Fallait s'y attendre !

Effectivement, elles sont pas évidentes les thèses que tu défends, et faut avouer que tu y vas fort en rejettant dos à dos fiscalistes et anti-fiscalistes, alors qu'Olivier s'acharne à convaincre un mec qui met toute la mauvaise foi du monde pour échapper de justesse à de vrais arguments. Faire la nique au langage sur un forum de discussion, c'est un peu comme vouloir transformer les églises en mosquées sur un site catho... çà se fait mais faut pouvoir en supporter les conséquences, et tenir le débat dans le temps. Si tu y crois vraiment, ne baisse pas les bras, même si pour ma part je pense que c'est une contradiction dans les termes.

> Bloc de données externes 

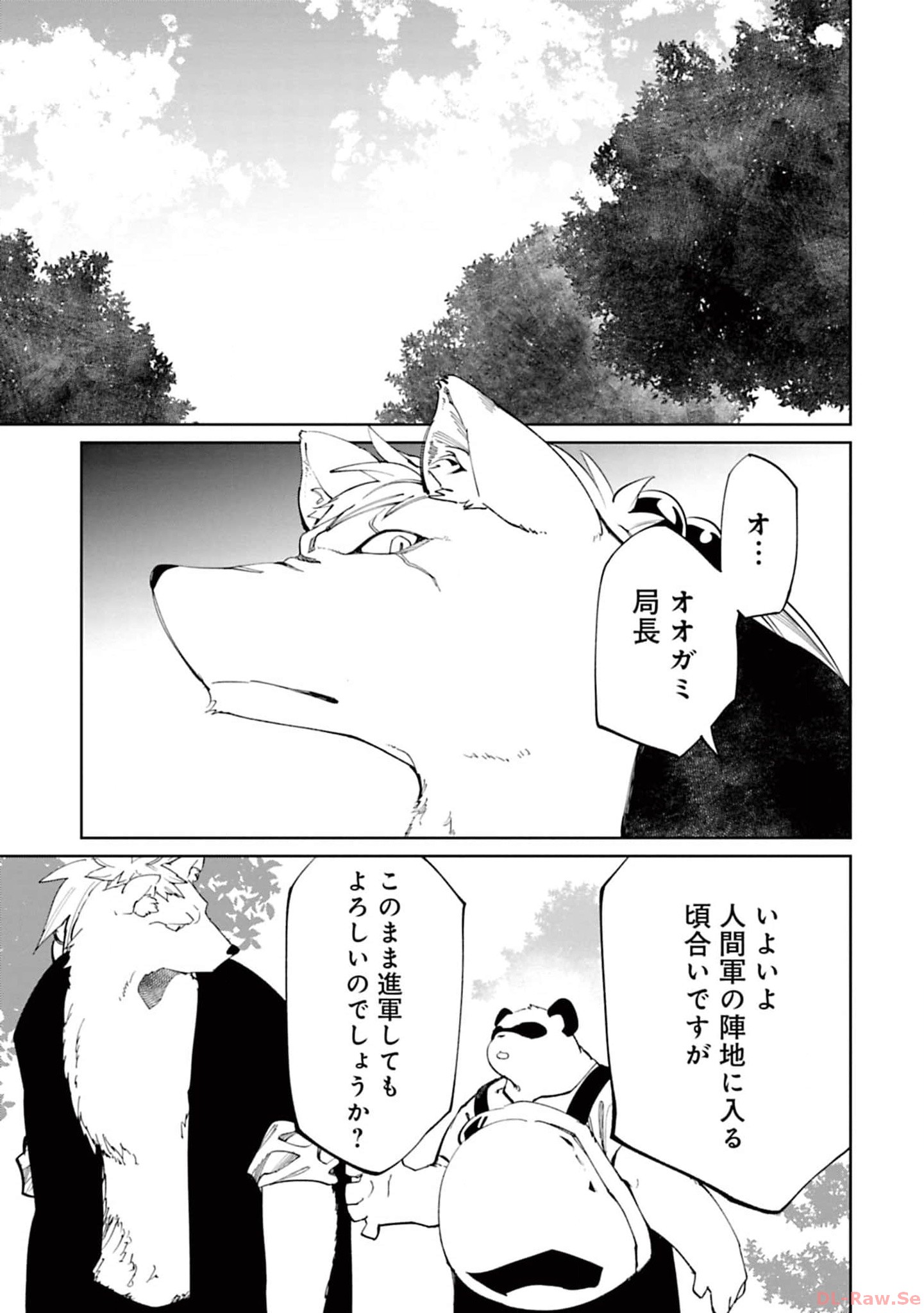 Isekai Shachou: Maou Gun de Nariagaru! Chapter 126 3ページ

T'en fais pas pour autant, ça tape dur mais c'est pas méchant, faut voir ce qu'Archange se prend dans la gueule en permanence. J'attends ta réponse sur le rapport entre multiculturalisme et ton choix triangulaire (platon, nietzsche, bidochon), mais je pense qu'il vaudrait mieux centrer tes propos autour d'une question, quitte à developper des correspondances par la suite. En effet, le problème de ton texte est qu'il dit des choses auxquels correspondent des enjeux considérables, mais qu'il le fait sur le ton enjoué de l'évidence. Prends le temps de choisir un thème, ou de réfléchir à un thème déjà commencé, et tente de soutenir une idée qui te tient à coeur. Le débat coulera de source... Ce que nous essayons de faire depuis quelques temps, c'est vraiment de fonctionner par hypothèses, questions et critiques. Le sujet progresse en même temps que les participants. En faisant de ton texte une totalité close, où se rencontrent à la fois thèses et invectives, blagues et vocabulaire à rallonge, tu tentes quelque chose de risqué : tu es sur un fil. Devant toi l'oeuvre d'art, sous tes pieds l'échec.